Carnivorous plants like the pitcher plant, Venus flytrap, and sundew have evolved to get necessary nutrients from the bugs they eat, usually because the soil in their environments don’t have enough of them. But a new study shows that at least one kind of carnivorous plant, the common sundew (Drosera rotundifolia) will stop doing so when there is more nitrogen than usual in their soil, such as when nitrogen-rich acid rain falls.
A study published in New Phytologist shows that this artificial rain of fertilizer is now making carnivorous plants lose interest in insect prey. Plants in lightly-polluted areas got 57 per cent of their nitrogen from insects; in areas that receive more nitrogen deposition, that figure fell as low as 22 per cent.

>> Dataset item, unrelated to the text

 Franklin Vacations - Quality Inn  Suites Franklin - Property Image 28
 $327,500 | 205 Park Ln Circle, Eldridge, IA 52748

“If there’s plenty of nitrogen available to their roots, they don’t need to eat as much,” explains Dr. Jonathan Millett from Loughborough University, the report’s lead author. Instead, they rely more on nitrogen absorbed through their roots.
How did the plants manage this rapid shift in diet? Millett says earlier experiments have suggested they can make their leaves less sticky, trapping fewer prey. He adds that a color change may also contribute; sundew plants in highly polluted bogs are much greener than those growing in nutrient-poor conditions. The latter typically have a red color that’s believed to attract insects. He even suggests that looking at the color of sundew plants could give ecologists a quick way to gauge how much nitrogen pollution an area has suffered.
That may be handy for us, but it may spell trouble for the species, which spent a lot of time evolving its specialized niche, and may not be so successful adapting to rapidly changing conditions.